--- THE DATA ---

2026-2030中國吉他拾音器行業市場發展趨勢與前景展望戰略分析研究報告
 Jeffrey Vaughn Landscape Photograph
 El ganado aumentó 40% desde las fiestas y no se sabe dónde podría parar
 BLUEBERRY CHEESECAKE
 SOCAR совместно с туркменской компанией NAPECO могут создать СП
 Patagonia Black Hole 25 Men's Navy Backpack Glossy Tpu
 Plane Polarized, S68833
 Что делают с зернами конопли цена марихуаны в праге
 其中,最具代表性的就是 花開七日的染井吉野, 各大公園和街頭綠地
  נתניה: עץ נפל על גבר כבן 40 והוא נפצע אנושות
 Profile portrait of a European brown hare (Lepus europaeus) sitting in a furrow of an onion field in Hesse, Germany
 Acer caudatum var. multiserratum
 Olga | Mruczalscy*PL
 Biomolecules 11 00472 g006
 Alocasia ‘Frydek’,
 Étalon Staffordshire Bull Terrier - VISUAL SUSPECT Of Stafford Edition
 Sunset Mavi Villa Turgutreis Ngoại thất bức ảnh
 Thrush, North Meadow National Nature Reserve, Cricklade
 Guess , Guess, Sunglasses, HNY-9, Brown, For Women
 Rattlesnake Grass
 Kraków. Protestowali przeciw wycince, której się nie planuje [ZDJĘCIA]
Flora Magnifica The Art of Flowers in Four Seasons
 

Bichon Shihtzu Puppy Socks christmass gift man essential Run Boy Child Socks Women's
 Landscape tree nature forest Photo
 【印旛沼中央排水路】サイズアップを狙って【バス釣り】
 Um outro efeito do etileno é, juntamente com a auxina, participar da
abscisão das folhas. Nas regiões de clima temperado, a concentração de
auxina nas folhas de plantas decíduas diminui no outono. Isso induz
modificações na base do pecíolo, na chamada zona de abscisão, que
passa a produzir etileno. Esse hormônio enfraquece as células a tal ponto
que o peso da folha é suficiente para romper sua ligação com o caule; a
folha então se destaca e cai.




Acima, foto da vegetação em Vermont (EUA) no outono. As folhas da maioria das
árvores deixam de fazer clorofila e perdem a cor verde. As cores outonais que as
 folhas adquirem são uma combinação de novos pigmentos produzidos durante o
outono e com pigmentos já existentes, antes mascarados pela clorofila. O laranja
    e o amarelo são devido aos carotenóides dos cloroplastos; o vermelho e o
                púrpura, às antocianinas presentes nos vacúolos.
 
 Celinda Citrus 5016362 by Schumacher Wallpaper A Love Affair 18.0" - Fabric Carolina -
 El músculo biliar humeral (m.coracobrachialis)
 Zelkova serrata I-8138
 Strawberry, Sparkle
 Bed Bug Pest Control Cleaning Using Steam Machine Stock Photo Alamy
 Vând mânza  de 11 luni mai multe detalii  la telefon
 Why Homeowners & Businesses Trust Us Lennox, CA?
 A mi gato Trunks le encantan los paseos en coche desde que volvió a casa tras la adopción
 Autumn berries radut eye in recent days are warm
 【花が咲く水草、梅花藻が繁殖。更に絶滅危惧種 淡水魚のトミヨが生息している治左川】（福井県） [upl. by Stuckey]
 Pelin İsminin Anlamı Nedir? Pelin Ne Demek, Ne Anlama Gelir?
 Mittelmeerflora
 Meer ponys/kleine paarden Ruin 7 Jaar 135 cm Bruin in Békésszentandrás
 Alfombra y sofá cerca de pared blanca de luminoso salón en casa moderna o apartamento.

---

# [DIRECTIONS FOR THIS TASK]
Top to bottom, set down the entries above word for word.

# [EXERCISE RESPONSE]
2026-2030中國吉他拾音器行業市場發展趨勢與前景展望戰略分析研究報告
 Jeffrey Vaughn Landscape Photograph
 El ganado aumentó 40% desde las fiestas y no se sabe dónde podría parar
 BLUEBERRY CHEESECAKE
 SOCAR совместно с туркменской компанией NAPECO могут создать СП
 Patagonia Black Hole 25 Men's Navy Backpack Glossy Tpu
 Plane Polarized, S68833
 Что делают с зернами конопли цена марихуаны в праге
 其中,最具代表性的就是 花開七日的染井吉野, 各大公園和街頭綠地
  נתניה: עץ נפל על גבר כבן 40 והוא נפצע אנושות
 Profile portrait of a European brown hare (Lepus europaeus) sitting in a furrow of an onion field in Hesse, Germany
 Acer caudatum var. multiserratum
 Olga | Mruczalscy*PL
 Biomolecules 11 00472 g006
 Alocasia ‘Frydek’,
 Étalon Staffordshire Bull Terrier - VISUAL SUSPECT Of Stafford Edition
 Sunset Mavi Villa Turgutreis Ngoại thất bức ảnh
 Thrush, North Meadow National Nature Reserve, Cricklade
 Guess , Guess, Sunglasses, HNY-9, Brown, For Women
 Rattlesnake Grass
 Kraków. Protestowali przeciw wycince, której się nie planuje [ZDJĘCIA]
Flora Magnifica The Art of Flowers in Four Seasons
 

Bichon Shihtzu Puppy Socks christmass gift man essential Run Boy Child Socks Women's
 Landscape tree nature forest Photo
 【印旛沼中央排水路】サイズアップを狙って【バス釣り】
 Um outro efeito do etileno é, juntamente com a auxina, participar da
abscisão das folhas. Nas regiões de clima temperado, a concentração de
auxina nas folhas de plantas decíduas diminui no outono. Isso induz
modificações na base do pecíolo, na chamada zona de abscisão, que
passa a produzir etileno. Esse hormônio enfraquece as células a tal ponto
que o peso da folha é suficiente para romper sua ligação com o caule; a
folha então se destaca e cai.




Acima, foto da vegetação em Vermont (EUA) no outono. As folhas da maioria das
árvores deixam de fazer clorofila e perdem a cor verde. As cores outonais que as
 folhas adquirem são uma combinação de novos pigmentos produzidos durante o
outono e com pigmentos já existentes, antes mascarados pela clorofila. O laranja
    e o amarelo são devido aos carotenóides dos cloroplastos; o vermelho e o
                púrpura, às antocianinas presentes nos vacúolos.
 
 Celinda Citrus 5016362 by Schumacher Wallpaper A Love Affair 18.0" - Fabric Carolina -
 El músculo biliar humeral (m.coracobrachialis)
 Zelkova serrata I-8138
 Strawberry, Sparkle
 Bed Bug Pest Control Cleaning Using Steam Machine Stock Photo Alamy
 Vând mânza  de 11 luni mai multe detalii  la telefon
 Why Homeowners & Businesses Trust Us Lennox, CA?
 A mi gato Trunks le encantan los paseos en coche desde que volvió a casa tras la adopción
 Autumn berries radut eye in recent days are warm
 【花が咲く水草、梅花藻が繁殖。更に絶滅危惧種 淡水魚のトミヨが生息している治左川】（福井県） [upl. by Stuckey]
 Pelin İsminin Anlamı Nedir? Pelin Ne Demek, Ne Anlama Gelir?
 Mittelmeerflora
 Meer ponys/kleine paarden Ruin 7 Jaar 135 cm Bruin in Békésszentandrás
 Alfombra y sofá cerca de pared blanca de luminoso salón en casa moderna o apartamento.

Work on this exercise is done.